Thread (31 messages) 31 messages, 6 authors, 2022-08-04

Re: [PATCH bpf-next v5 4/8] bpf: Introduce cgroup iter

From: Andrii Nakryiko <hidden>
Date: 2022-08-02 22:50:15
Also in: bpf, cgroups, lkml

On Tue, Aug 2, 2022 at 3:27 PM Hao Luo [off-list ref] wrote:
Hi Andrii,

On Mon, Aug 1, 2022 at 8:43 PM Andrii Nakryiko
[off-list ref] wrote:
quoted
On Fri, Jul 22, 2022 at 10:48 AM Yosry Ahmed [off-list ref] wrote:
quoted
From: Hao Luo <redacted>

Cgroup_iter is a type of bpf_iter. It walks over cgroups in three modes:

 - walking a cgroup's descendants in pre-order.
 - walking a cgroup's descendants in post-order.
 - walking a cgroup's ancestors.

When attaching cgroup_iter, one can set a cgroup to the iter_link
created from attaching.
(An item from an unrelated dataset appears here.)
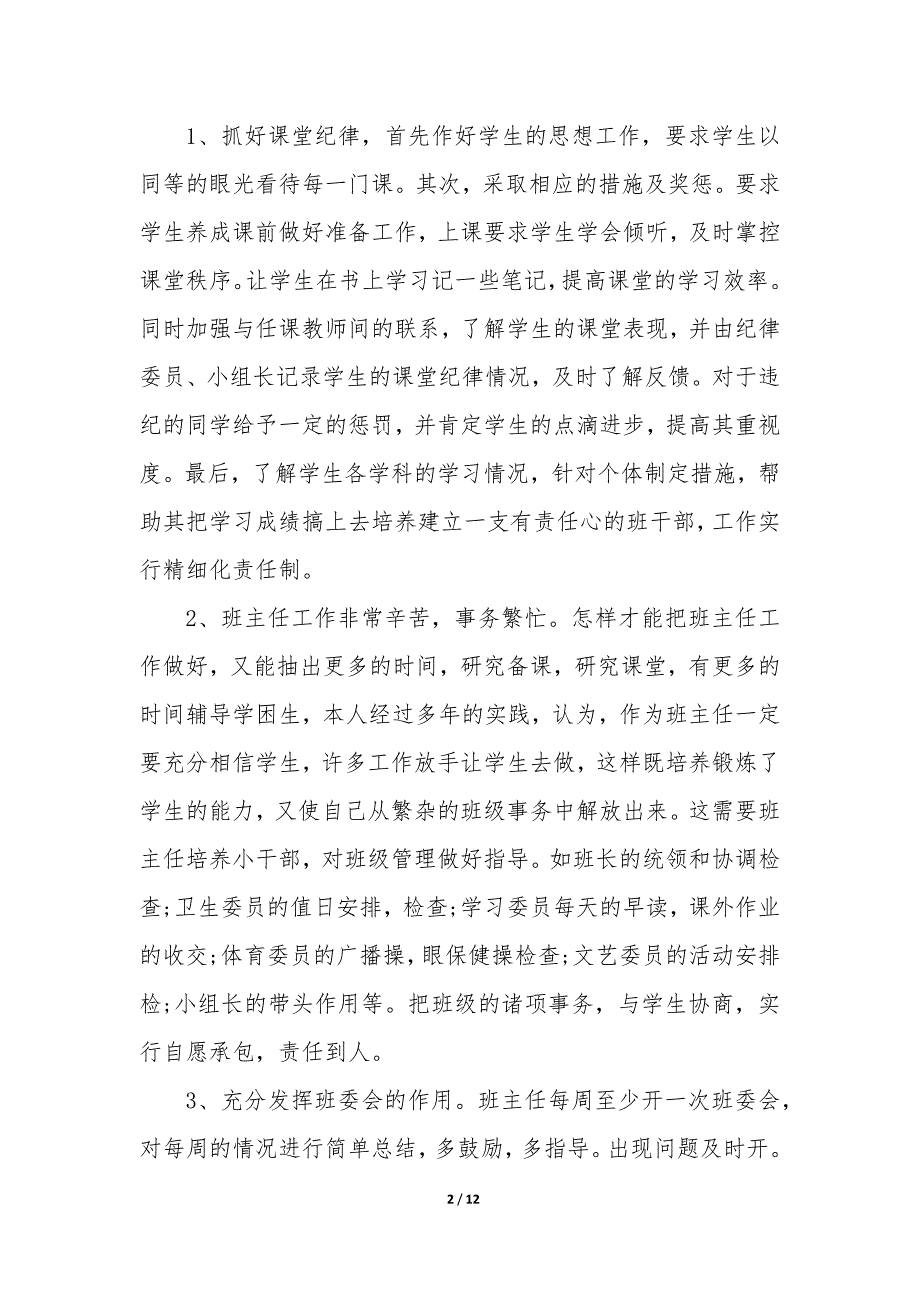 2021年科任教师述职报告_第2页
This cgroup is passed as a file descriptor and
serves as the starting point of the walk. If no cgroup is specified,
the starting point will be the root cgroup.

For walking descendants, one can specify the order: either pre-order or
post-order. For walking ancestors, the walk starts at the specified
cgroup and ends at the root.

One can also terminate the walk early by returning 1 from the iter
program.

Note that because walking cgroup hierarchy holds cgroup_mutex, the iter
program is called with cgroup_mutex held.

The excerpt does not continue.